Fue una noche esperpéntica. Al final sobraron tres goles en el Villamarín, pero si Lacatus o Piturca, esos artilleros del Steaua de Bucarest con apellidos de centuriones romanos que se le atragantarán por los siglos de los siglos a Casaus, Núñez y al conductor de la avioneta de Schuster, llegan a mojar en el Prater vienés todo habrá sido inútil. La caída del imperio rumano en el feudo del austrohúngaro abrió las puertas alemanas a las huestes fallonas y voluntariosas de Miguel Muñoz.
España consiguió su acceso a esta Eurovisión del borceguí superando al alimón a Albano y a Rumana Power, con letra y música de Marifé de Triana. Sevilla reeditó su condición de talismán, pero la magia se importó, que es lo que importa, desde Viena. Anoche brillaron más los compases de Wolgfang Amadeus Mozart que los acordes cuasi epilépticos del saxotenor Manolo el del Bombo.
De la misma forma que en vísperas de cada comicio cientos de miles de apocalípticos dan cuenta del bocata y la intención del voto en los mítines, cuando la selección juega en Sevilla emerge una masa amorfa y pinturera, algo más que una afición, gente a la que ni por asomo se la ve en un partido de competición oficial y no digamos en un amistoso.
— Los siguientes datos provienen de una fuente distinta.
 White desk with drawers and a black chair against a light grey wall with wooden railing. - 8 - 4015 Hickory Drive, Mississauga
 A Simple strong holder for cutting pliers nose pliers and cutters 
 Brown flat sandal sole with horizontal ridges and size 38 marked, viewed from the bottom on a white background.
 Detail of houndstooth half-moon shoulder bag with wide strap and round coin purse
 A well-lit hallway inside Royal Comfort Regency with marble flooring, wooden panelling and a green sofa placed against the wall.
Se llenan las mejillas de rojo y gualda, agitan banderas, vociferan el nombre del país que limita al norte con los Pirineos, una abigarrada infantería que se resiste a ser engullida por una sociología superficial: son muchos partidos en Sevilla y ya han aprendido qué es un gol y en qué consiste la ley de la ventaja; los hay que parecen renovadas Juventudes Hitlerianas—del orgullo a la xenofobia hay un milimétrico abismo–, lo que reconstruyen ambientes más propios del concierto de Bangla Desh, con Andoni Goicoechea en lugar de Bob Dylan, también los que, las que en este caso, han encontrado en estos partidos el sucedáneo multitudinario de los guateques de antaño, aunque sea el maestro Albero el que maneje los mandos del hímnico “picú”.
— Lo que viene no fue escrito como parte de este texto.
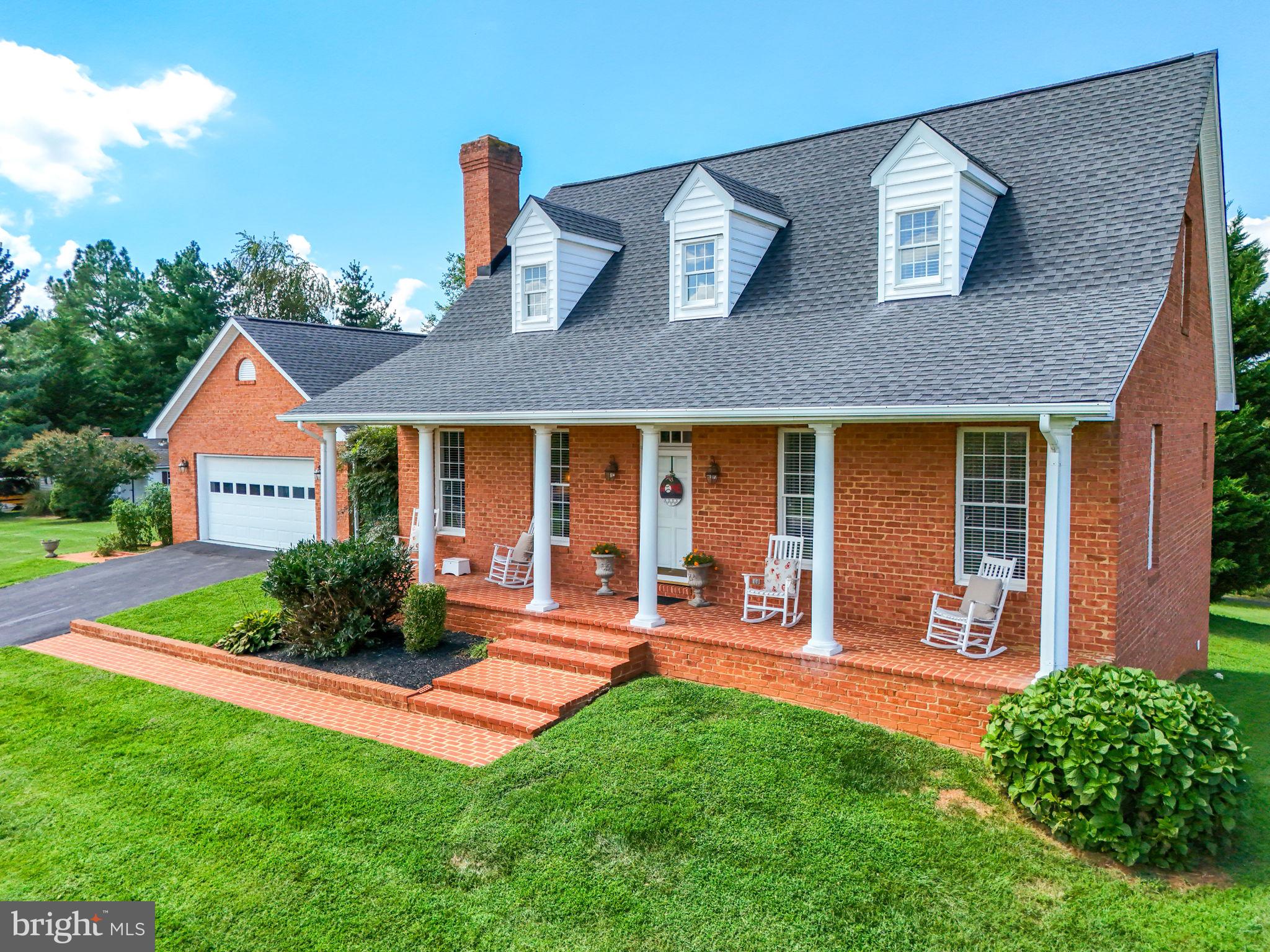 12564 Eggbornsville Road Culpeper, VA 22701 - Photo 7 of 62 a front view of a house with a yard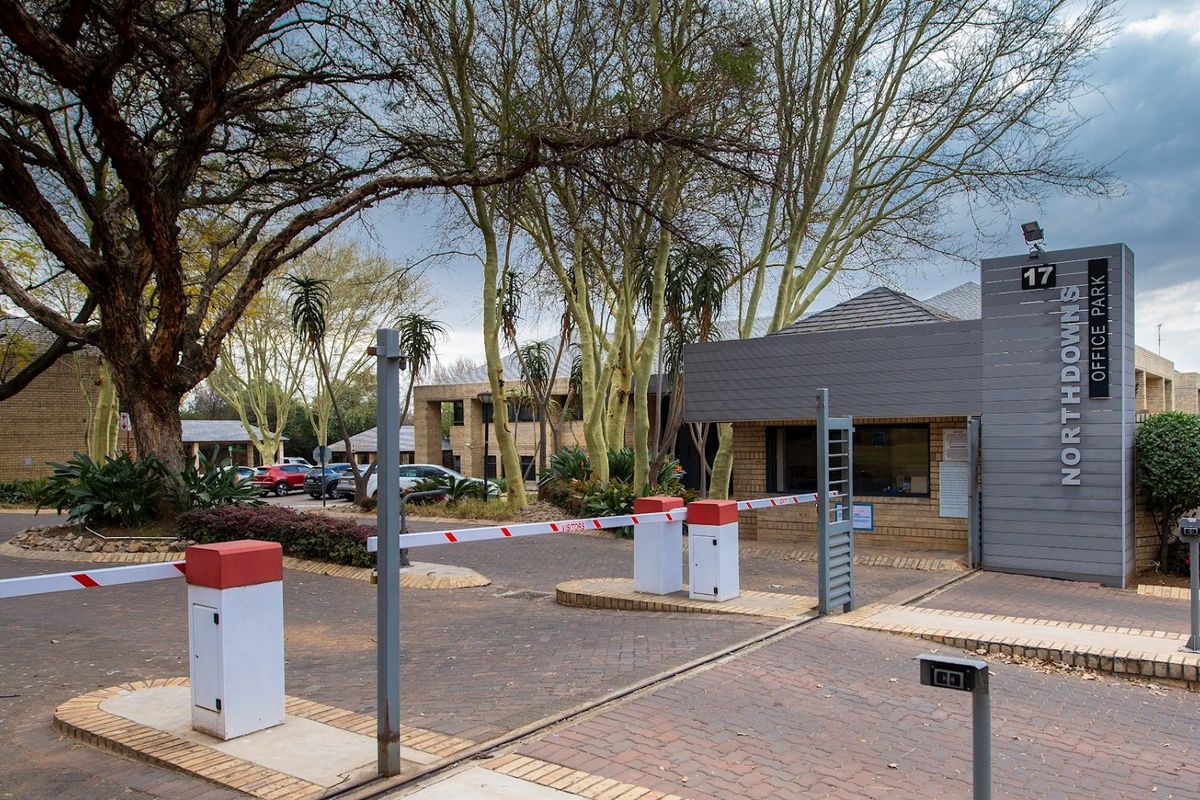 The entrance to Northdowns Office Park featuring a secure boom gate, guard house, and paved driveway access.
Y Muñoz, ya cincuenta partidos en el banquillo nacional, continúa su rejuvenecimiento. Ya habla hasta de “movida” en la sala de Prensa. Sevilla se ha convertido en su particular balneario, una festiva consulta de la doctora Asland que quita las arrugas de la Copa de Ferias y mete en las carpetas de la prehistoria los goles de Zarra y Marcelino. En resumidas cuentas habría bastado con el gol primerizo de Baquero, un buen argumento para una película de “cow boys” con un final feliz y más pilas para la diligencia de Oklahoma. Los indios eran de Albania, pero peores cosas se han visto.